Extract strings from dataframe object column with .split() and .strip()

200 views Asked by At

I have a dataframe 'merged_tstbr' with over 17000 rows and a column 'ID'. In this column multiple entries appear as one long string, separated by ';' and \n.

Here an example of what a cell in this column looks like:

XDX_AbCd_XY_2415;\
XDX_AbCd_XY_3335;\
XDX_AbCd_XY_3351;\
XDX_AbCd_XY_3354

I have used the below script to check for all rows in 'ID' column and add to a new list 'tstbr_anf' if the ID is in my_list:

my_list = ['XDX_AbCd_XY_3351', 'XDX_AbCd_XY_3335'] # (and so on, 250 elements in total)
for index, row in merged_tstbr.iterrows():
    row_values = [value.strip() for value in row['ID'].split('\n')]       
    matching = [value for value in row_values if value in my_list]
    tstbr_anf.extend(matching)

Out of 250 elements, 6 are not showing in txtbr_anf.

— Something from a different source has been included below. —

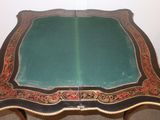 a table that has a green table top on it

I checked the presence of these in the column 'ID' in excel, and they are here, but somehow not getting added to txtbr_anf. They are present in my_list as well.

What can be the possible reasons for this.

Follow-up from How to search in a column of a dataframe for any and all value in a column another dataframe in Python using Pandas

2

There are 2 answers

0
OCa On

Input data I've used to try and reproduce your issue

  • It is based on the content of a cell that you posted,
  • I have added a second row with simply modified digits.
my_list = ['XDX_AbCd_XY_3351', 'XDX_AbCd_XY_3335']

merged_tstbr = pd.DataFrame({'ID': ['XDX_AbCd_XY_2415;\nXDX_AbCd_XY_3335;\nXDX_AbCd_XY_3351;\nXDX_AbCd_XY_3354',
                                    'XDX_AbCd_XY_1234;\nXDX_AbCd_XY_4565;\nXDX_AbCd_XY_3579;\nXDX_AbCd_XY_7592']})

Each cell in your input dataframe contains a number of IDs together in a string:

                                                  ID
0  XDX_AbCd_XY_2415;\nXDX_AbCd_XY_3335;\nXDX_AbCd...
1  XDX_AbCd_XY_1234;\nXDX_AbCd_XY_4565;\nXDX_AbCd...

Please confirm this matches your input, otherwise provide a dataframe constructor.


Problem:

You seem to believe that .strip() removes semicolons, but it does not, unless you force it to. You could verify that with a print (commented out in the code below): the row_values you were testing membership for, still have their semicolon about them:

['XDX_AbCd_XY_2415;', 'XDX_AbCd_XY_3335;', 'XDX_AbCd_XY_3351;', 'XDX_AbCd_XY_3354']

Quick fix:

  1. Either add it in the .split(), then .strip() is not needed:
for index, row in merged_tstbr.iterrows():
    row_values = [value for value in row['ID'].split(';\n')]       
    #print(row_values)
    matching = [value for value in row_values if value in my_list]
    tstbr_anf.extend(matching)
  1. Or force the .strip() to care:
    row_values = [value.strip(';') for value in row['ID'].split('\n')]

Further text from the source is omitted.